_PROBLEM STATEMENT_: Can the lines below, from the one that holds "Beyond Yoga Spacedye" to the very end, be echoed exactly, with both ends included and no pictures?

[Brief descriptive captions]
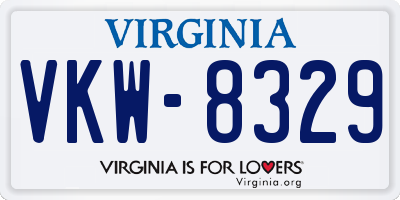 VA license plate VKW8329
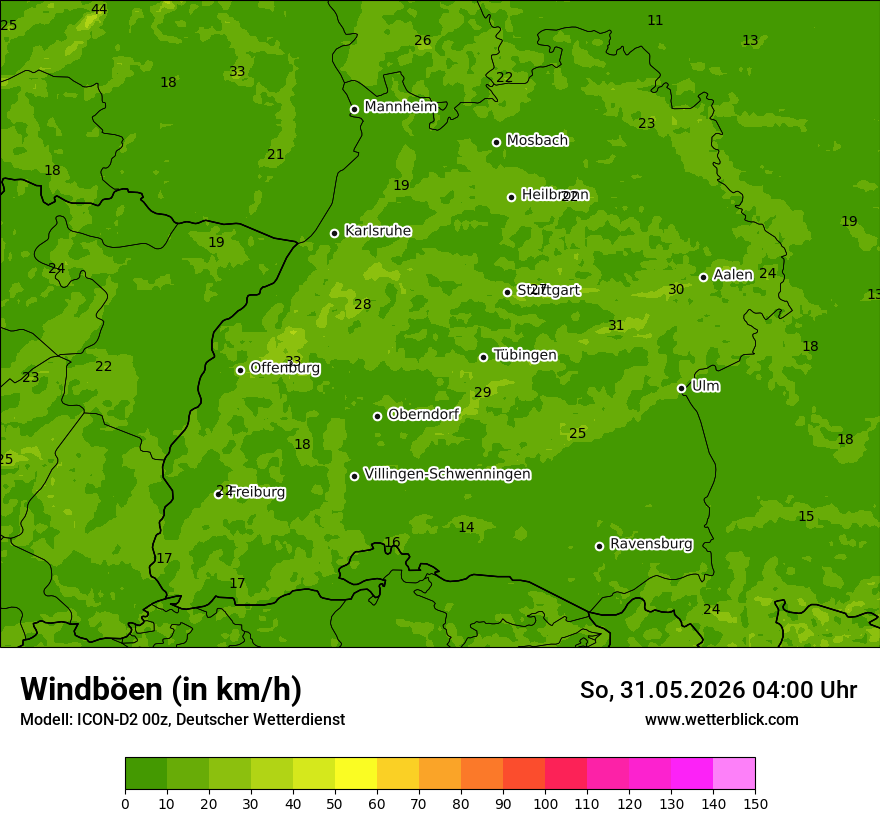 Maximale Windböen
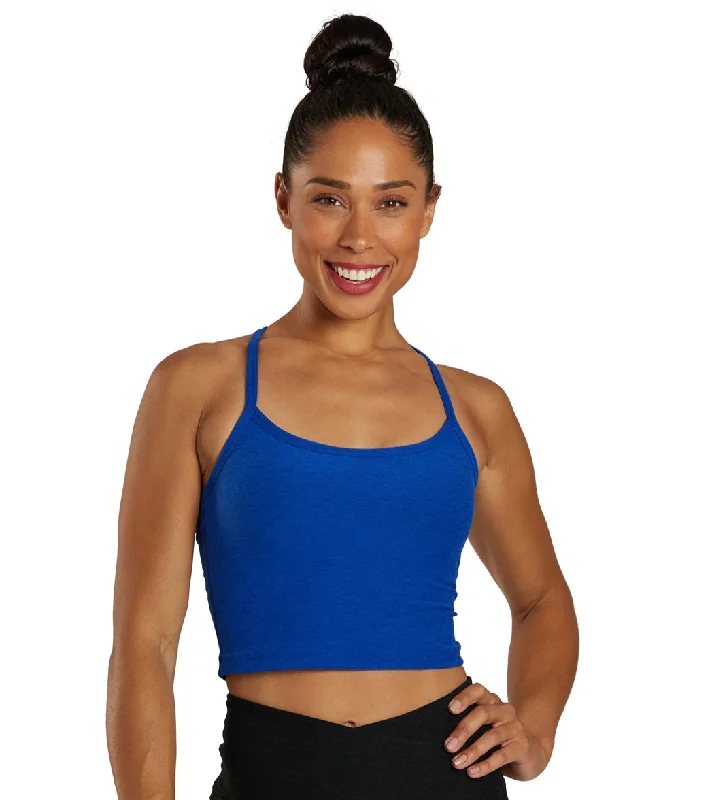 Beyond Yoga Spacedye Slim Racerback Cropped Tank Electric Royal Heather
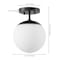 Jonathan Y Marcel Bistro 7.75" 1-Light Bohemian Farmhouse Iron/Frosted Glass LED Semi Flush Mount, Black/White JYL7499C - alternate 3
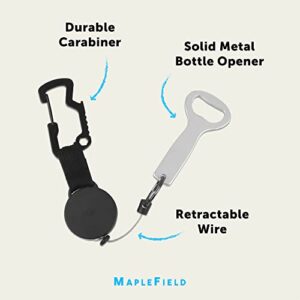 Retractable Bottle Opener with Carabiner Clip - Portable Cooler Bottle Opener Camping Accessories - Retractable Hand Strap Bottle Opener - Backpack Clip on Bottle Opener - Speed Beer Opener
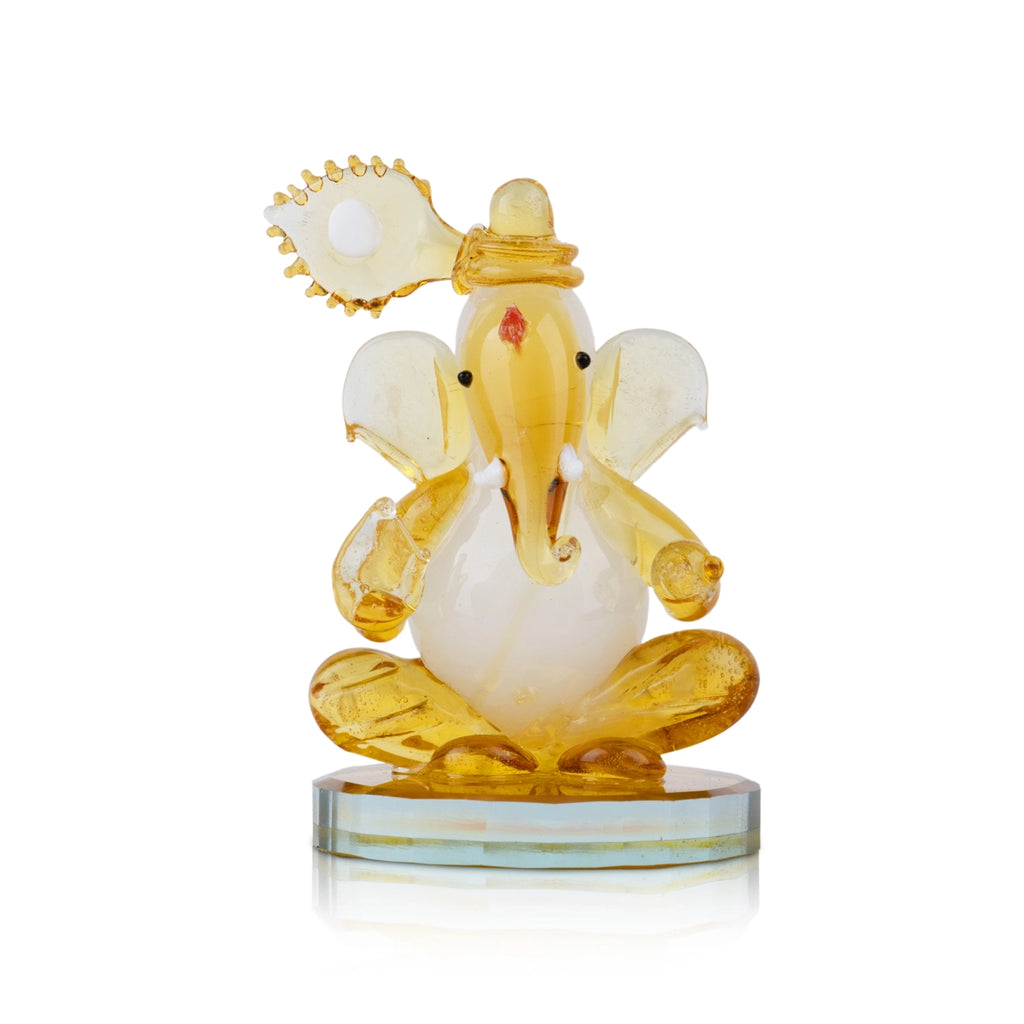 Ganesh Murti - 2.5 x 0.75 Inches | Crystal Ganpati Murti/ Sitting Vinayaka Statue for Pooja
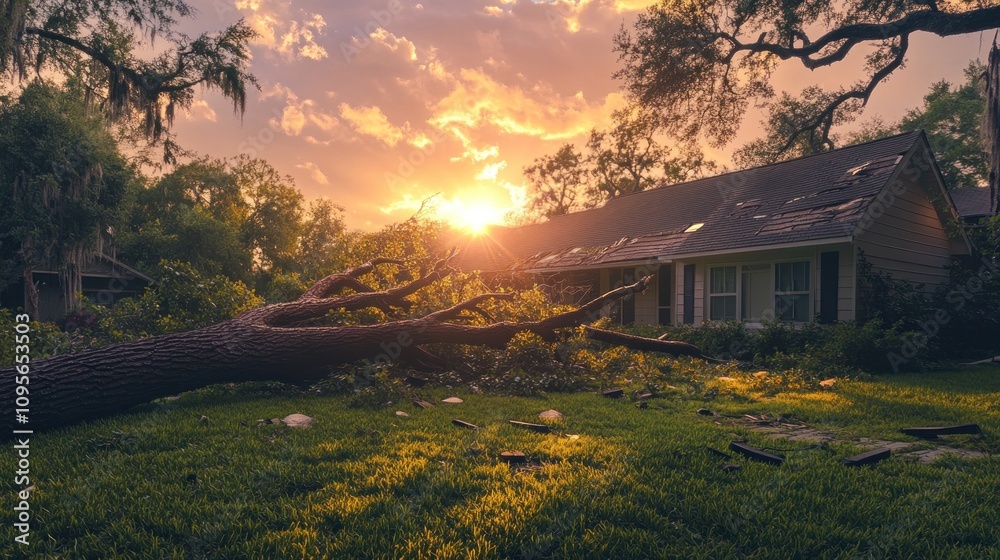Fototapeta premium A tree has fallen on a house
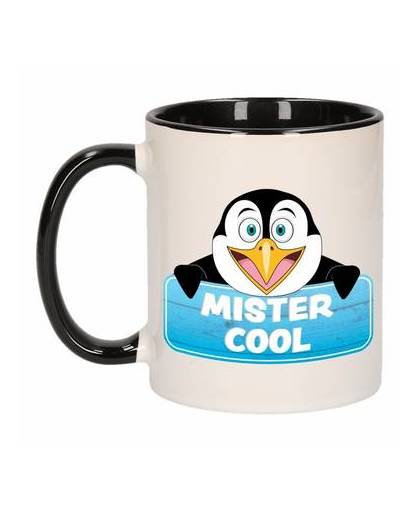 1x mister cool beker / mok - zwart met wit - 300 ml keramiek - pinguin bekers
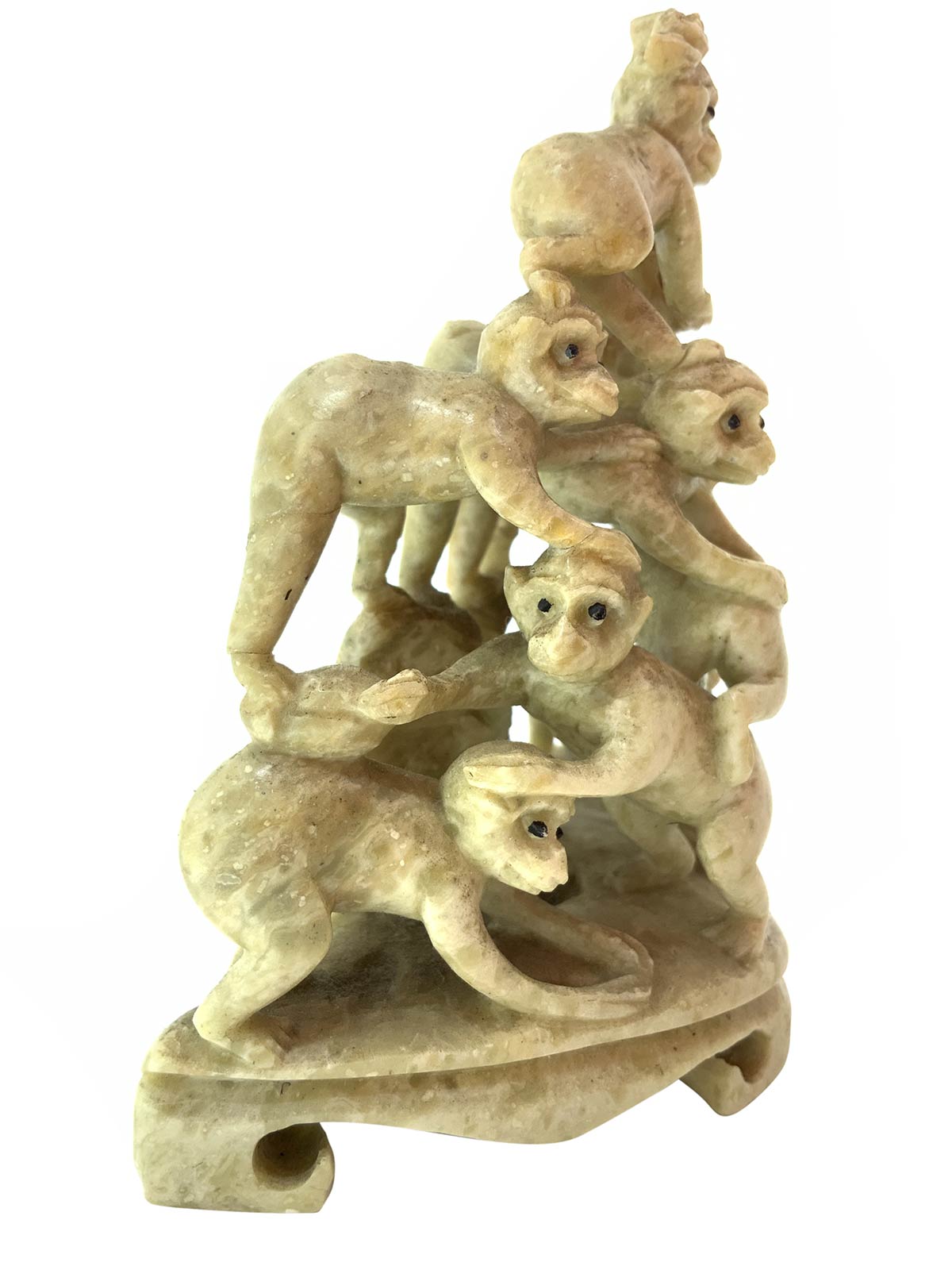 Chinese stone statuette in soapstone, pyramid of eight monkeys, China, nineteenth century. H 10 cm - Image 2 of 5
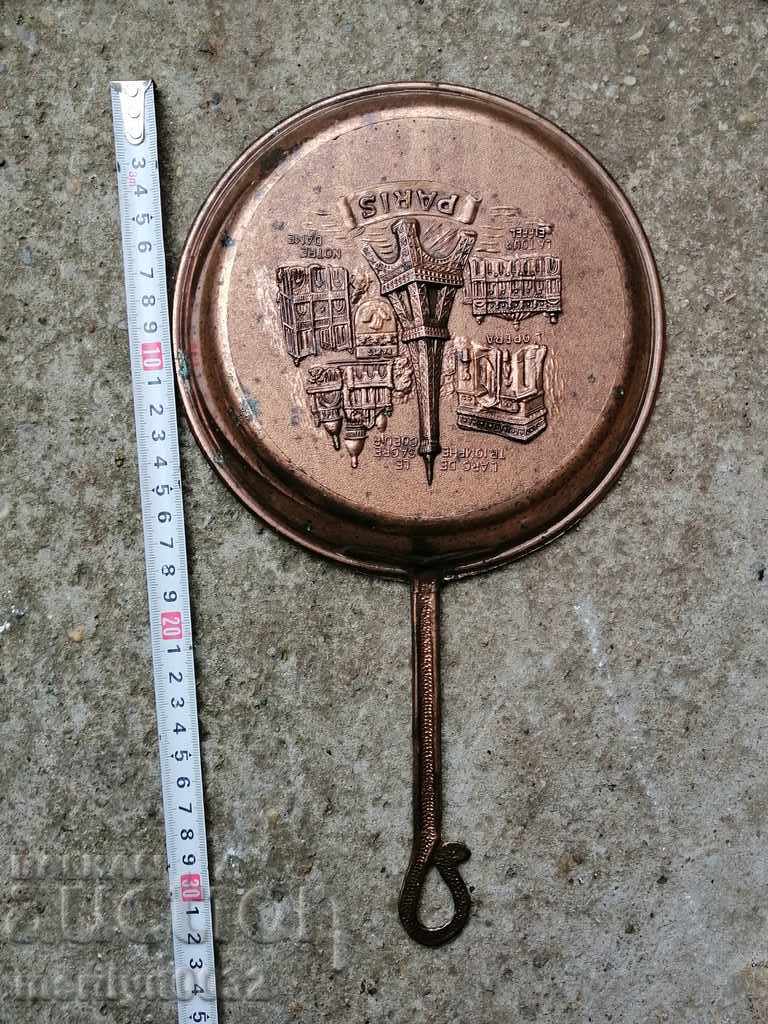 Old advertising French frying pan, copper pan - 6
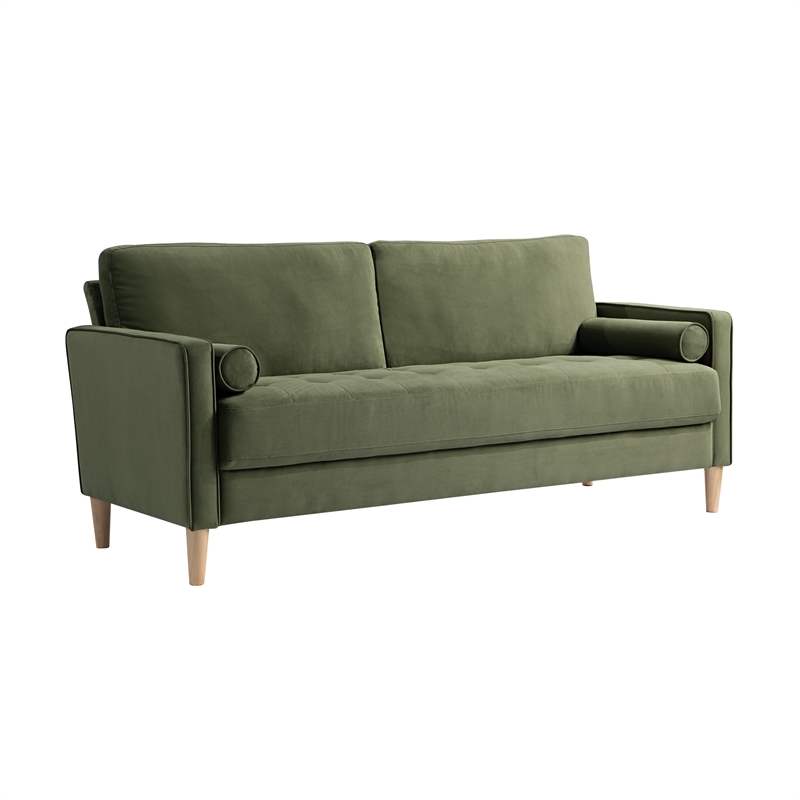 Lifestyle Solutions Jareth Stationary Sofa in Olive Fabric Upholstery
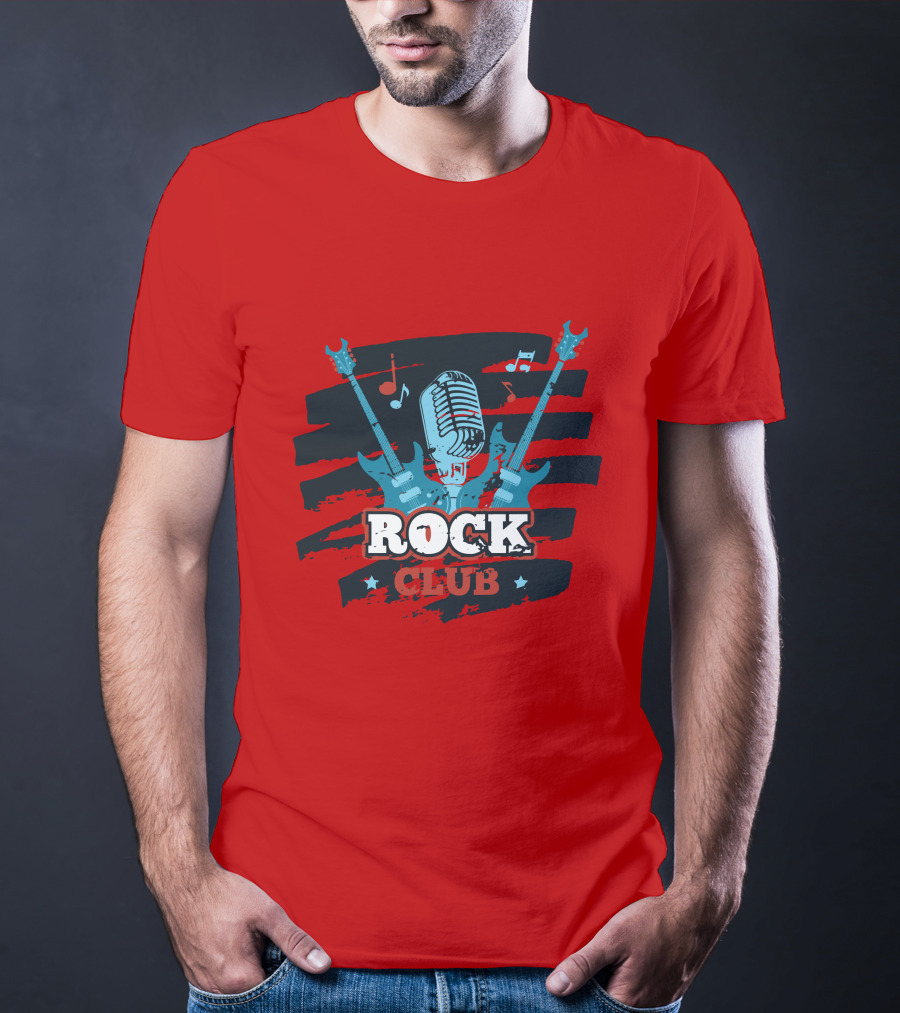 Rock Club Microphone And Guitars For Rock And Roll Hip Hop Rock Music T-Shirt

_YOUR SOLUTION_:
 Beyond Yoga Spacedye Slim Racerback Cropped Tank Electric Royal Heather
 Jonathan Y Marcel Bistro 7.75" 1-Light Bohemian Farmhouse Iron/Frosted Glass LED Semi Flush Mount, Black/White JYL7499C - alternate 3
 Retractable Bottle Opener with Carabiner Clip - Portable Cooler Bottle Opener Camping Accessories - Retractable Hand Strap Bottle Opener - Backpack Clip on Bottle Opener - Speed Beer Opener
 Ganesh Murti - 2.5 x 0.75 Inches | Crystal Ganpati Murti/ Sitting Vinayaka Statue for Pooja
Fototapeta premium A tree has fallen on a house
 1x mister cool beker / mok - zwart met wit - 300 ml keramiek - pinguin bekers
 Chinese stone statuette in soapstone, pyramid of eight monkeys, China, nineteenth century. H 10 cm - Image 2 of 5
 Old advertising French frying pan, copper pan - 6
 Lifestyle Solutions Jareth Stationary Sofa in Olive Fabric Upholstery
 Rock Club Microphone And Guitars For Rock And Roll Hip Hop Rock Music T-Shirt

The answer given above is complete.